I was at
Vancouver Aquarium on Saturday, April 21st (exactly a week later as planned due to one of my kids fracturing his wrist and needing a hospital visit

) and here are my thoughts on the facility. It was my family's first visit in 20 months and the aquarium opened this week after being closed for almost a full year.
- Being able to visit the aquarium was terrific and we had a great time. The crowds were not overwhelming, due to reduced numbers via Covid regulations, and we had a blast. The new 4D show proceeded like normal in a theater, but we were fine with that as we've been in a movie theater on a weekly basis all summer long.
Octopus: Blue Planet II is the excellent 12-minute flick, with footage narrated by David Attenborough, and it is included with the price of admission. The restaurant was fully open and the food there, while very expensive at Vancouver prices, was delicious.
- The heavily advertised 'new' Marine Mammal Rescue Exhibit isn't new at all. In fact, it is the main pool that used to hold Killer Whales back in the day, then Pacific White-sided Dolphins, and now a solitary California Sea Lion and at least one Harbour Seal. The aquarium has put up a bunch of fresh signs and called it 'new', which is disappointing.

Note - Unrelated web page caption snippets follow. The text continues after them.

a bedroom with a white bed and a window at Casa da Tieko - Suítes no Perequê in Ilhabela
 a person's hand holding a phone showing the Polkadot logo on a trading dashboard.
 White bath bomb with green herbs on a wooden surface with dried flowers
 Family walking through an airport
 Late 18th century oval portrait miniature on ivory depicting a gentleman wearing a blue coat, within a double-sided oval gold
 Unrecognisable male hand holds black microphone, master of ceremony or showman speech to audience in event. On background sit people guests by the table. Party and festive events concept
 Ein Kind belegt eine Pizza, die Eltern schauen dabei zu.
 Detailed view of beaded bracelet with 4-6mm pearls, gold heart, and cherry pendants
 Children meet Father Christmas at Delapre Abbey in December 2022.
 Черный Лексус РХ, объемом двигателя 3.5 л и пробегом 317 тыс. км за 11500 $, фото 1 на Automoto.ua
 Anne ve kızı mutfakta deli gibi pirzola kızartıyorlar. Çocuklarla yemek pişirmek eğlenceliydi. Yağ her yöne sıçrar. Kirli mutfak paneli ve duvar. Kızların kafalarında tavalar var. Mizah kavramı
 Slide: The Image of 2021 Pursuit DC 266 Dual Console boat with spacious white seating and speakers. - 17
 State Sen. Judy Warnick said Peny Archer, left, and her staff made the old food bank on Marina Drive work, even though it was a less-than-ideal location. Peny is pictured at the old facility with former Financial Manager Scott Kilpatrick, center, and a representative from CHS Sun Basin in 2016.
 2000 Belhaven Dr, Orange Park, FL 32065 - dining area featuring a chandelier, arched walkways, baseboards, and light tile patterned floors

It's been there forever!
- The last ever cetacean ('Helen' the Pacific White-sided Dolphin) left for an unnamed U.S. facility in April. Vancouver Aquarium is now finished with whales, dolphins and porpoises forever and it's the end of a long legacy with cetaceans. In the outdoor exhibits I saw one California Sea Lion, 1 Harbour Seal, 5 Steller's Sea Lions, 4 Northern Fur Seals, 5 Southern Sea Otters and 5 African Penguins. For all the talk of not having cetaceans in captivity, and for all of the protests and negative press, the aquarium's attendance has plummeted since the death of the last Beluga Whales in late 2016. That year saw the aquarium achieve a record-breaking 1.17 million visitors, and now with no cetaceans and a pandemic the attendance is nowhere near that total.
- The aquarium was not looking in tip-top shape. On one hand, I kept thinking to myself that the facility has been closed for almost a year and so there should have been plenty of time to correct signs, spruce up paint in some sections or fine-tune the aesthetics. On the flip side, the facility has been running a 'bare bones' staff with just enough workers to keep the place afloat and so perhaps there hasn't been the opportunity to make subtle changes. There has recently been a job fair with the intent of hiring 100 new employees and there were a lot of staff members wearing "in training" name tags on their shirts. My guess is that it's going to take the best part of another year to truly get things up and running smoothly.
- The big shark tank is down to a single Blacktip Reef Shark and the days of 4 of those species and even a Zebra Shark are gone. There is a single Yacare Caiman left. A big snake tank near the caiman exhibit is now gone. At least 3-4 large tanks in the main foyer are all gone. The Electric Eel is gone. The two Garden Eel species are gone. Mudskippers are gone. In the Amazon section there are 4 terrariums in a row with either zero signage whatsoever or the wrong signs. (Example: a sign for Knifefish on an exhibit with a Boa Constrictor!) There are probably a dozen tanks in the aquarium with either zero signage or old, outdated signs.
So...a mixed bag. My kids had a blast and it was 4 hours that were well spent. Watching 5 otters frolic in the water as they were fed by trainers was superb, plus the Giant Pacific Octopus was extremely active and a treat to watch. From a zoo nerd perspective, the aquarium needs to tweak a whole bunch of small things to move back up amongst the best aquatic zoological establishments in North America. There will probably be a surge in popularity as visitors are excited to see the aquarium open again, after it faced permanent closure, but the American company that now owns the facility is surely thinking of what new exhibit can be added to entice repeat customers. The big expansion of 2014 is a distant memory and a few rescued pinnipeds won't get the average British Columbia resident coming back on numerous occasions each year.